*Records supplied*:
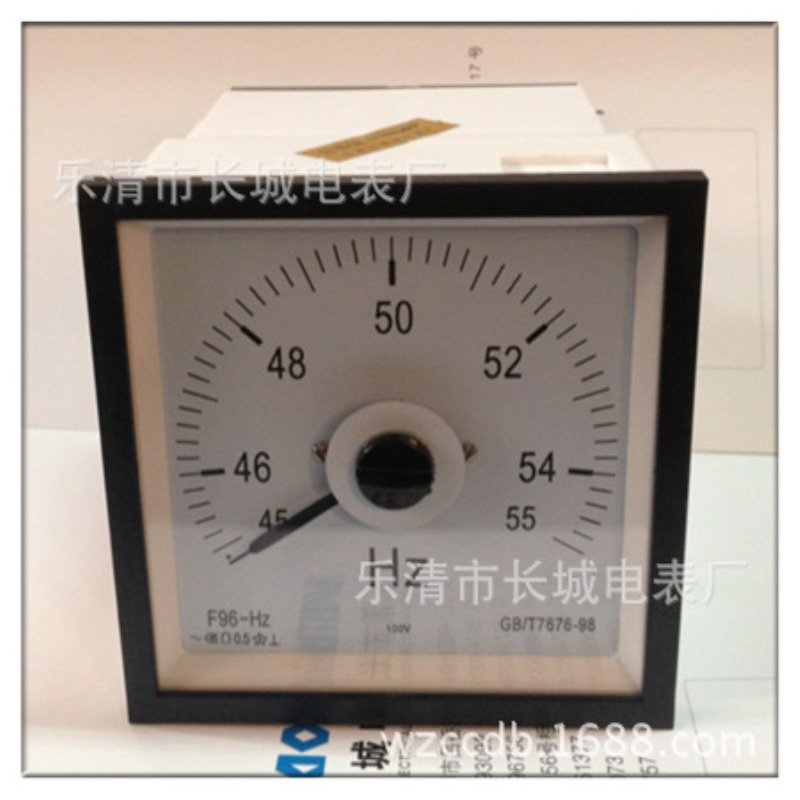 供应F96-HZ 45-55 100V 交流频率表 广角度船用表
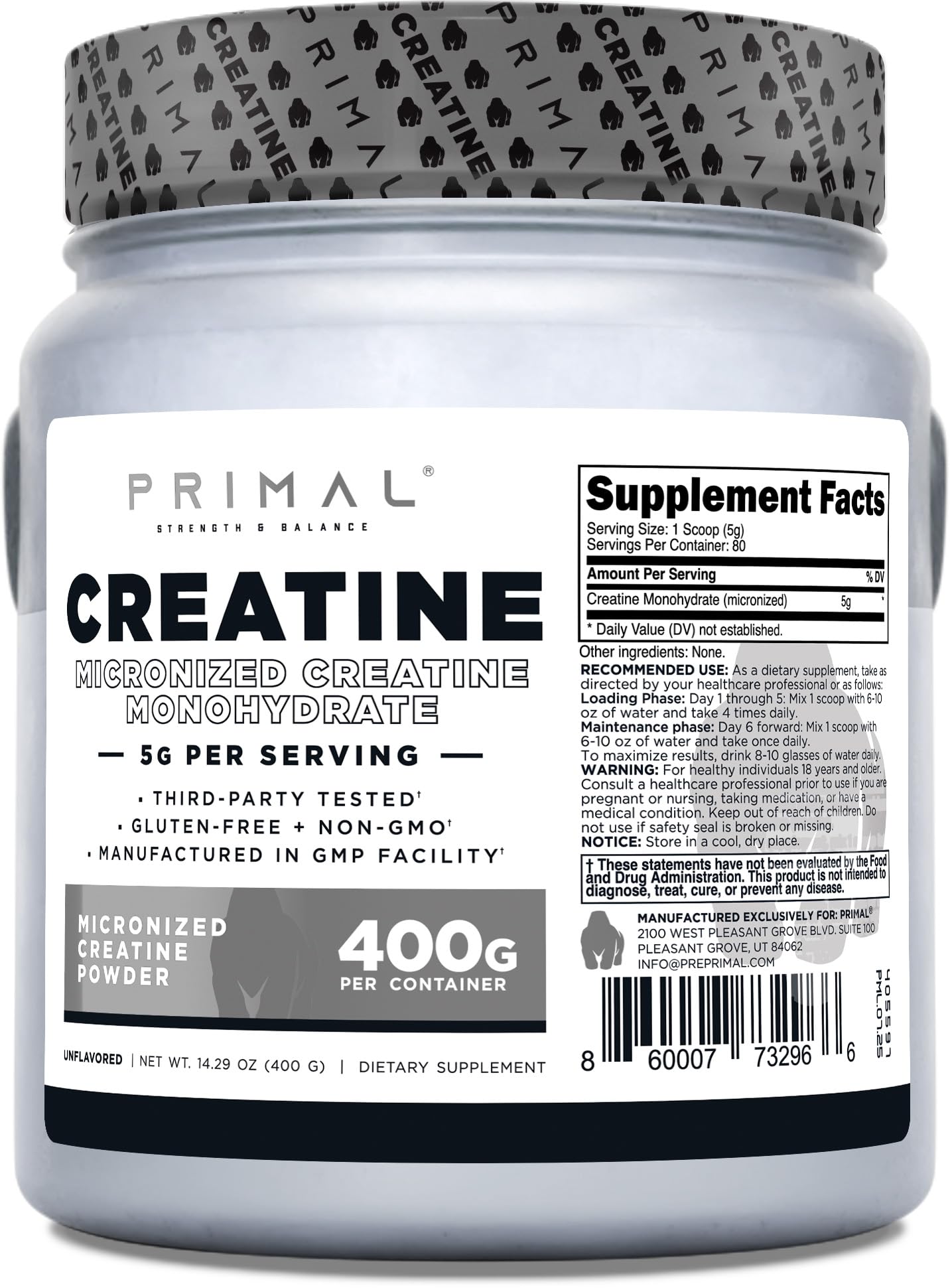 Primal Créatine Monohydrate — doseur 5 g pour un dosage rapide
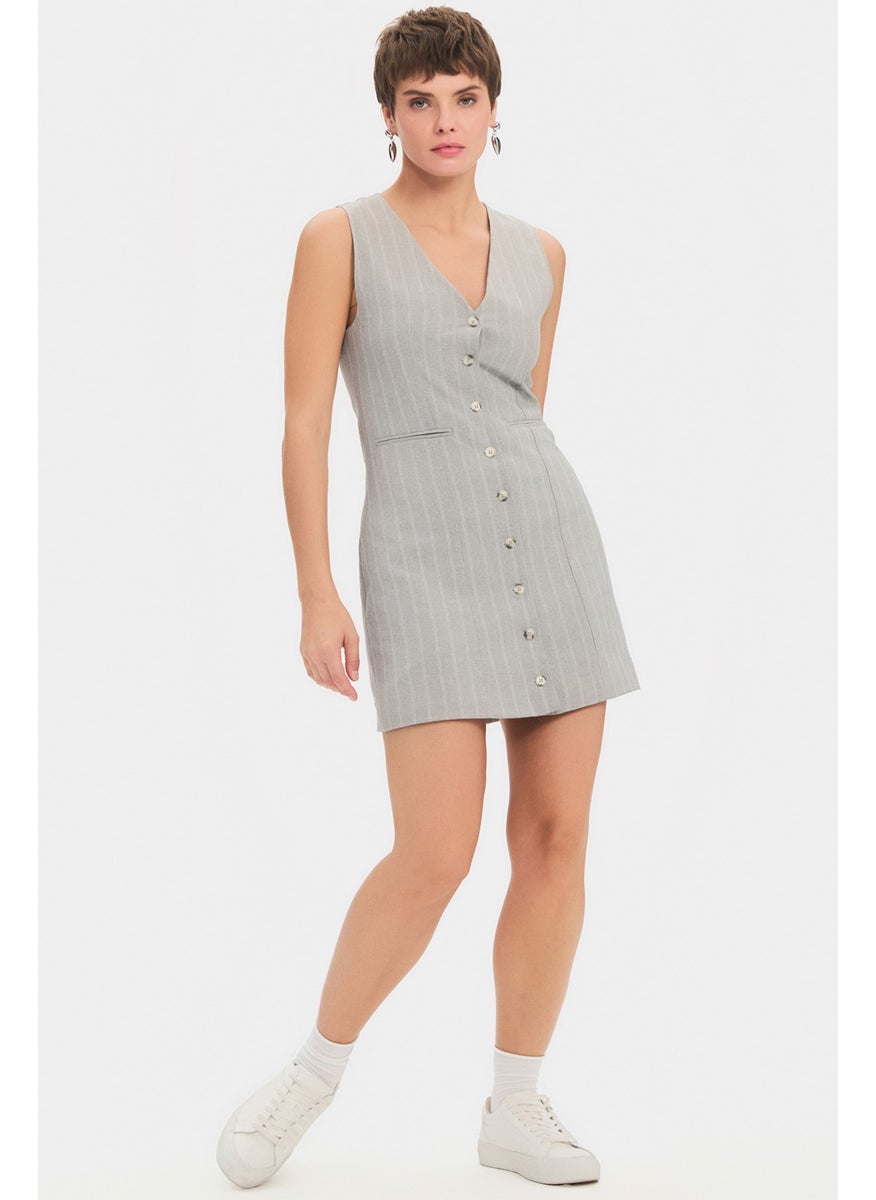Women's V Neck Sleeveless Mini Vest Dress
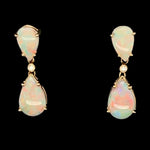 14ct Yellow Gold Solid Opal Earrings (se420)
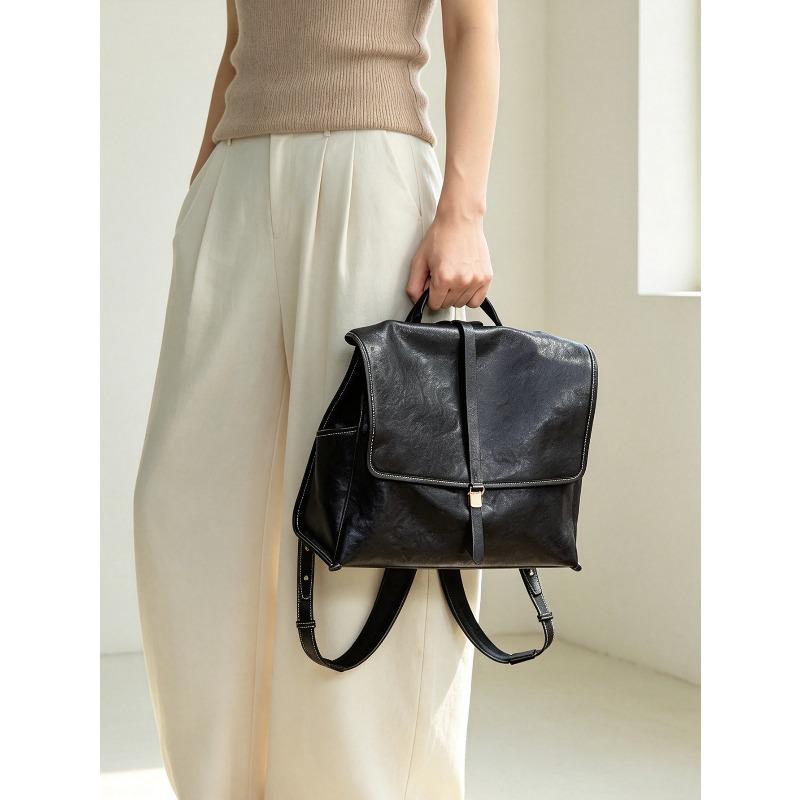 Dual-shoulder Bag, Large Capacity, Lightweight, Commuter Backpack, Retro Bag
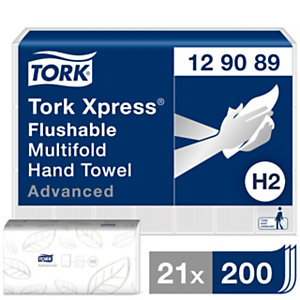 Tork Xpress Advanced Soft délitable H2 Essuie-mains pliage enchevêtré en V double épaisseur gaufré 2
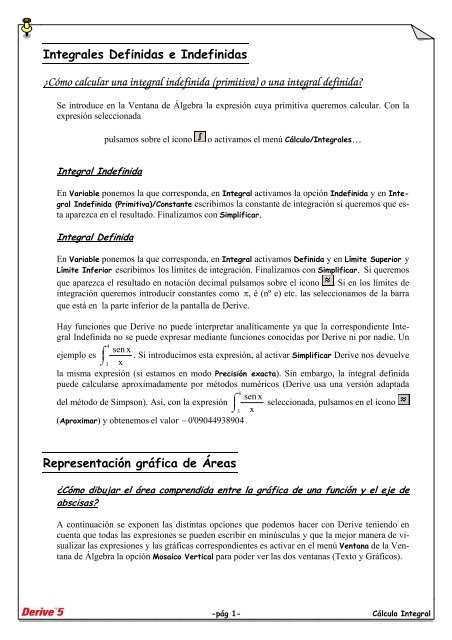 Integrales Definidas e Indefinidas ¿Cómo calcular ... - Telefonica.net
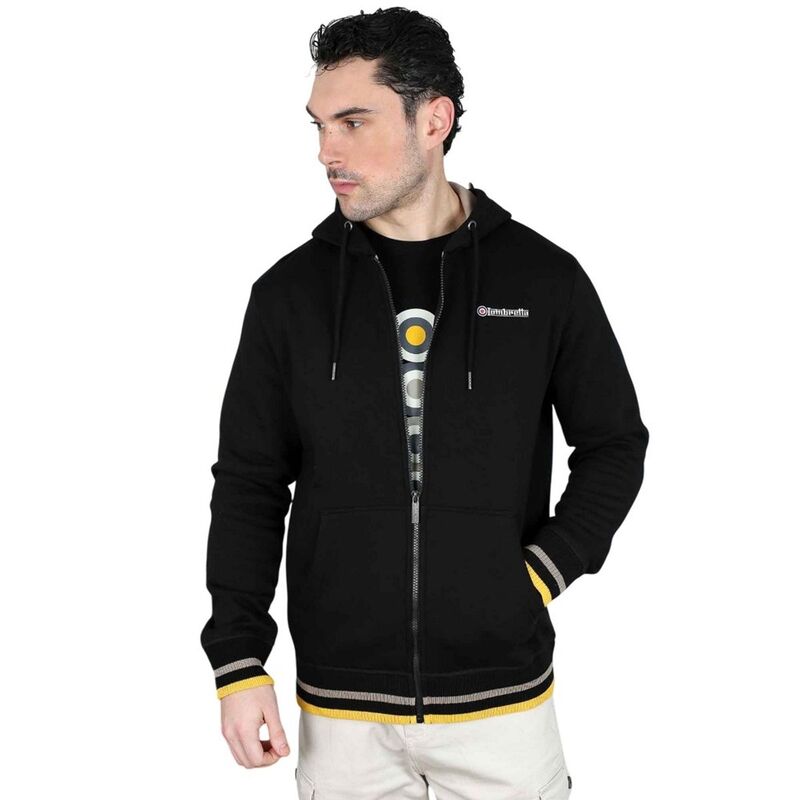 ランブレッタ メンズ アウター ニット・セーター パーカー Lambretta Mens Full Zip Hoodie Black Cashew ブラック|ReVida 店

*Try it*:
Starting at the line that holds "Integrales Definidas e", reproduce each line through the last one of the listing, and nothing more; the pictures stay out.

*Response*:
 Integrales Definidas e Indefinidas ¿Cómo calcular ... - Telefonica.net
 ランブレッタ メンズ アウター ニット・セーター パーカー Lambretta Mens Full Zip Hoodie Black Cashew ブラック|ReVida 店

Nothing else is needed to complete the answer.